Felisberto se apropió de un viejo secreto de la escritura: transformar las debilidades en un estilo peculiar. Era el suyo un estilo escaleno; casi cada línea tiene tres lados desiguales. Dicho de otro modo, escribía como alguien que sólo leía poesía. Su prosa avanza al modo de variaciones sobre una teoría de lo sublime, por entregas, sofisticadamente imprecisa. Si von Kleist dejó en su ensayo sobre las marionetas, entre otras cosas, un tratado de poética, Felisberto fue capaz de hacerlo por medio de la ficción, por ejemplo en el relato "Las Hortensias", tour de force absoluto de la imaginación abismada e instalación artística pionera.

La firma detrás de Nadie encendía las lámparas no le temía a la repetición de la palabra misterio: es el centro vibrante de su obra. Y cuando quería se daba el lujo de ser mordaz hacia sus propias búsquedas: “pues hay teorías con sugestión exótica, con misterio sugerente, con génesis naturalista, con profundidad filosófica, etc”. Poseía una destreza sin fin para novelar el misterio (novelar es un verbo pertinentemente esquivo), como lo prueba su cuento “La casa inundada” o, en otra paleta cromática, Por los tiempos de Clemente Colling, acerca de su maestro de piano ciego, una de las más bellas historias, por oblicua y elíptica, sobre un tutor y su discípulo.
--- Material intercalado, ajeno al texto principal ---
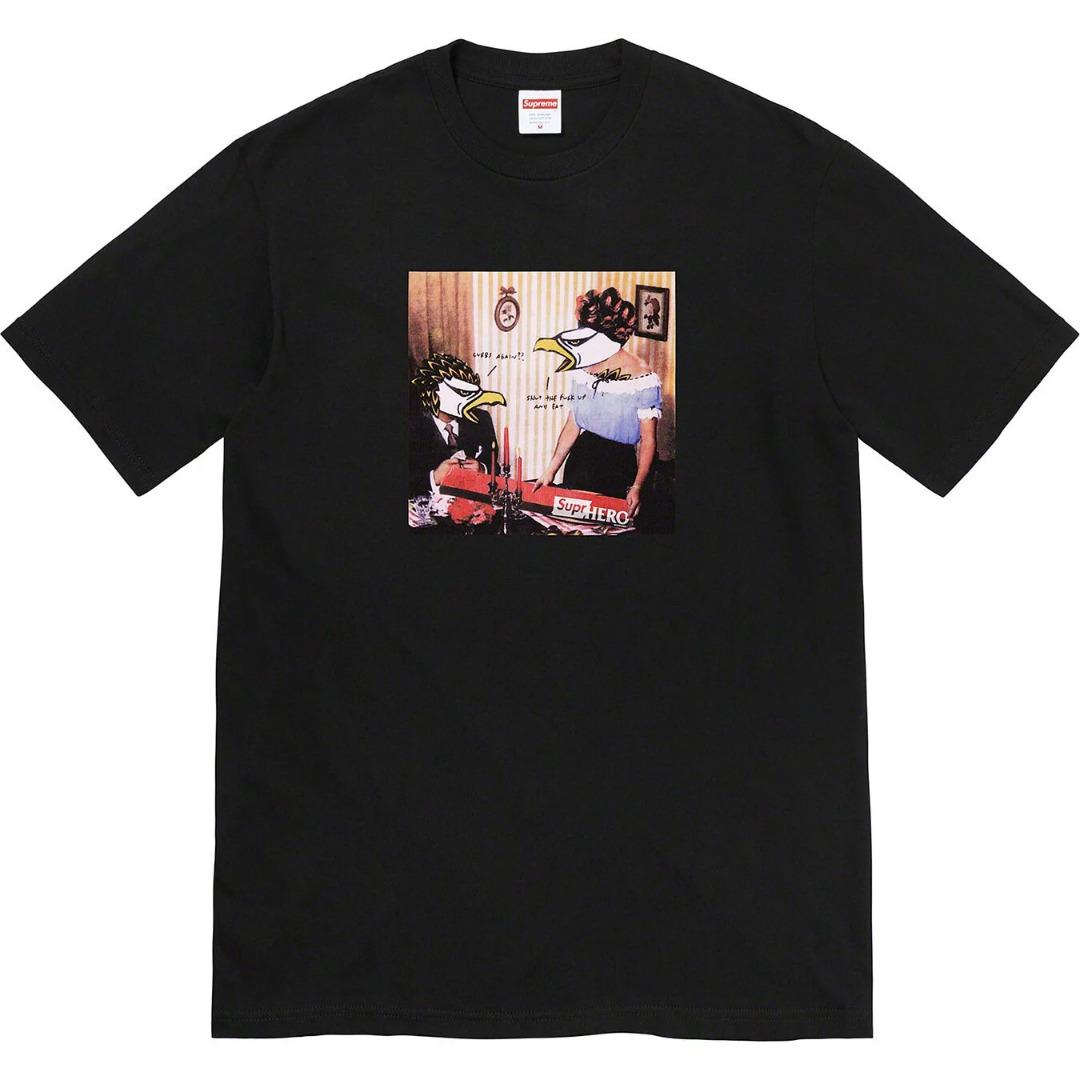Supreme x ANTIHERO Curbs Tee (Black), 男裝, 上身及套裝, T-shirt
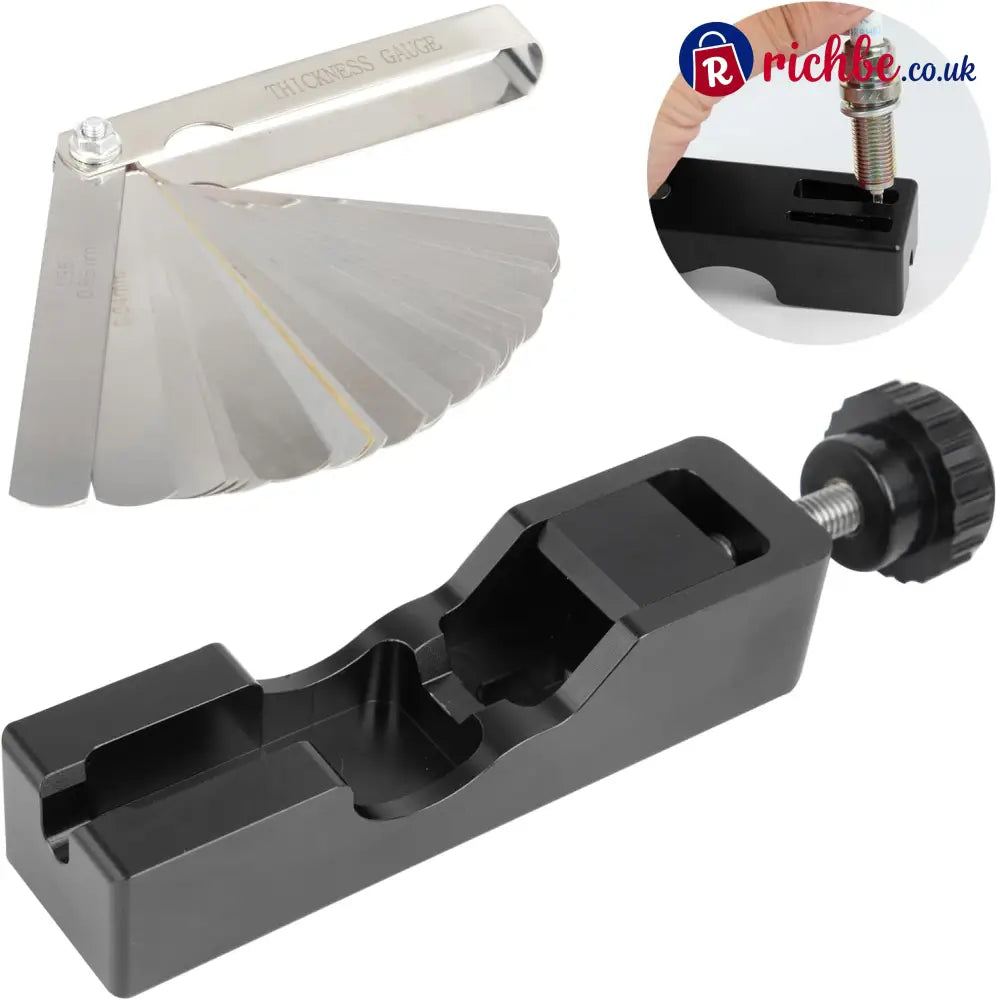 🛠️Spark Plug Gap Tool with Feeler Gauge - Black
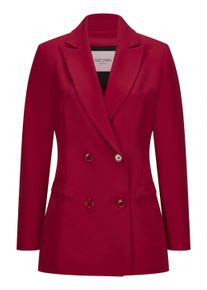 Jackenblazer Nicowa "CORNOVA", Damen, Gr. 42, rot, Obermaterial: 89% Polyester PES. 11% Elasthan EL., regular fit, V-Ausschnitt, Blazer Jackenblazer, mit doppelter Knopfreihe
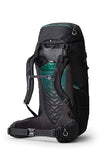 Gregory Stout 70L Unisex Backpacking Pack, Breathable Backpanel, Internal Hydration Sleeve for Water Reservoir (Bladder Not Included), One Size Fits All, Forest Black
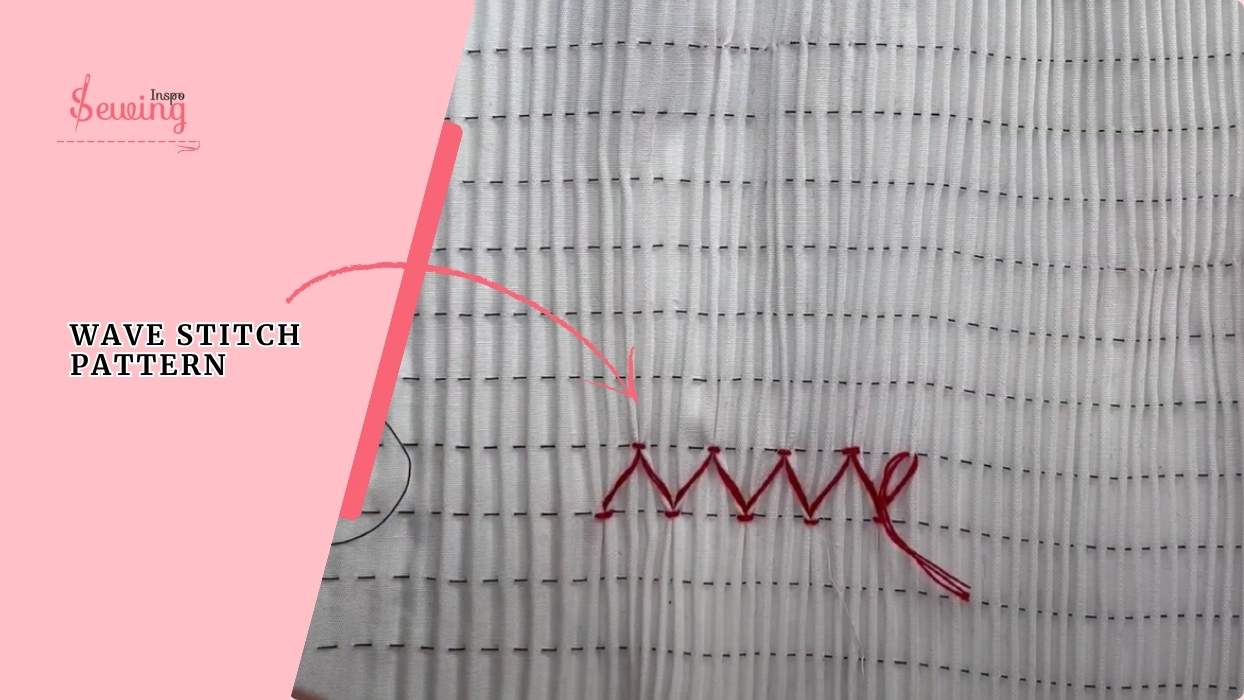 I Did Wave Stitch Pattern With Wave Stitch Pattern In Sewing PDF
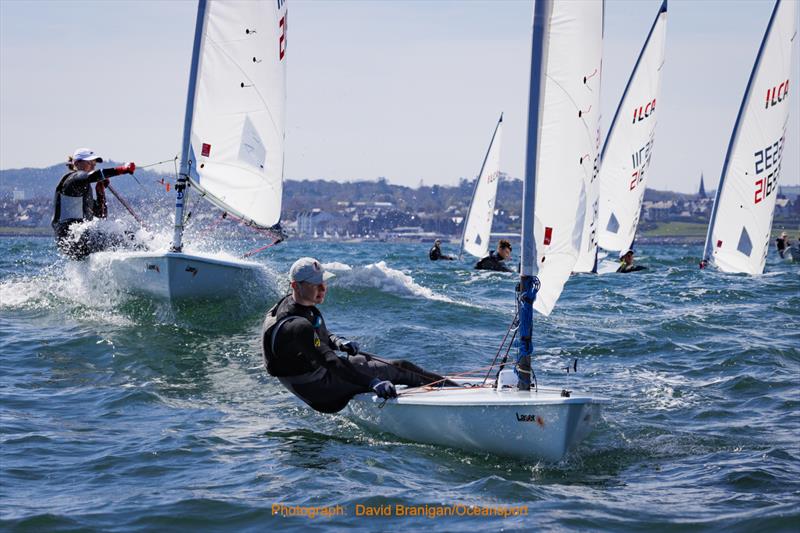 189211 Jonathan O'Shaughnessy (Royal Cork Yacht Club) in the ILCA 6 class during the Irish Sailing Youth Nationals 2022 photo copyright David Branigan / Oceansport taken at Ballyholme Yacht Club and featuring the ILCA 6 class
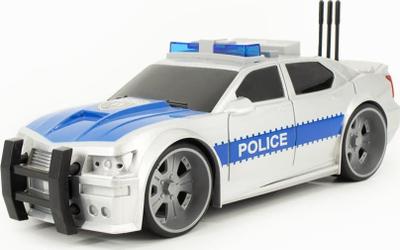 Makinë policie lodër Wenyi Rescue, me drita dhe zëra, 1:16, e bardhë blu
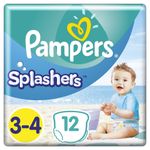 Pampers Splashers Maat 3-4 6-11kg Carrypack Luiers 12-Luiers 12st thumb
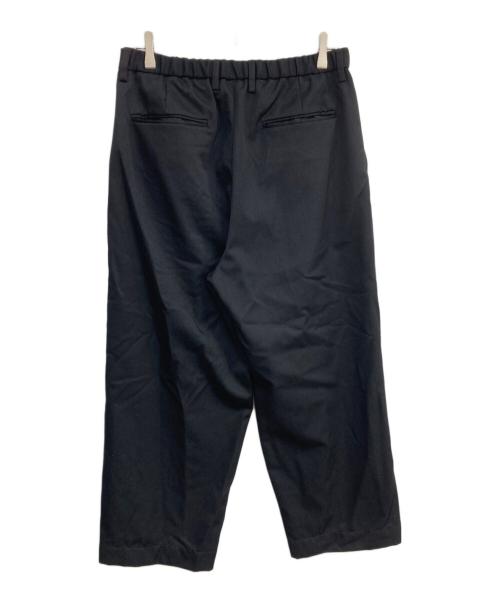 Adam et Rope（アダム エ ロペ）Adam et Rope (アダム エ ロペ) ワイド イージー デニム スラックス ブラック サイズ:SIZE　Lの古着・服飾アイテム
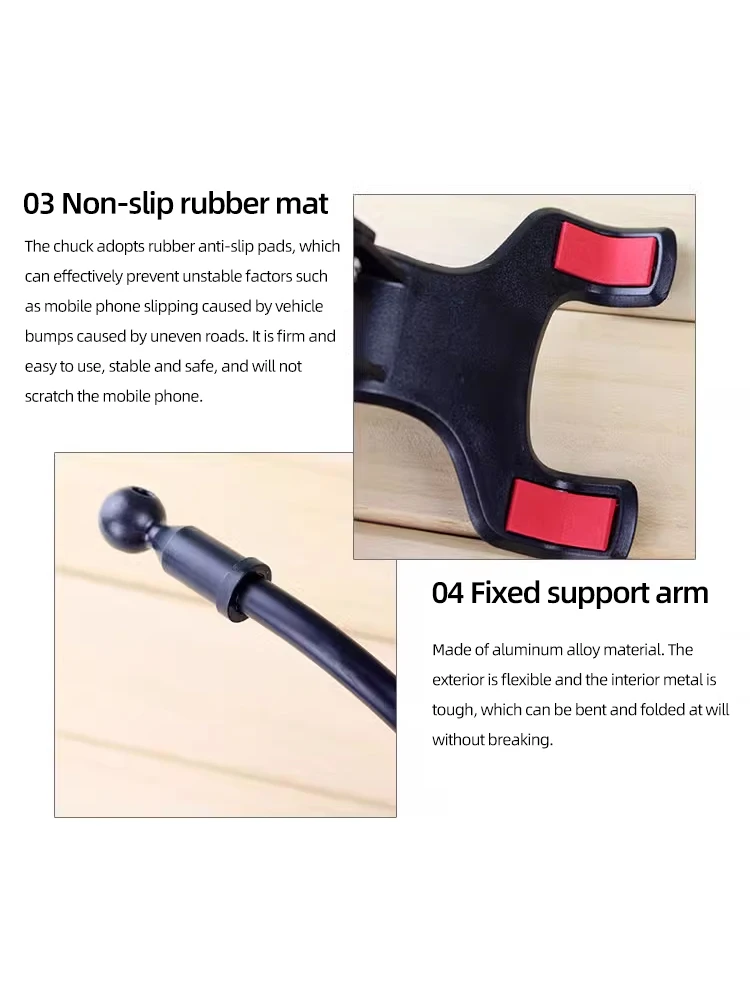 Car Phone Holder Mount Cell Phone Stand Windshield Dashboard Car Mount 360 Rotation for iPhone 15 14 13 12 11 Max Samsung Xiaomi image 5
Con Felisberto Hernández se ratifica que decir de un modo raro es rastrear un espejismo que se desplaza hacia adelante, y en su estela tiene a bien dejar una frase. Sus oraciones, podría pensarse, se dividen en frases convenientemente idiotas, inteligentemente idiotas y genialmente idiotas. A menudo termina un relato, adrede, de un modo simple. Un jugador –un escritor– puede crear misterio en su amistoso rival –el lector– si decide abandonar inexplicablemente (en una posición pareja).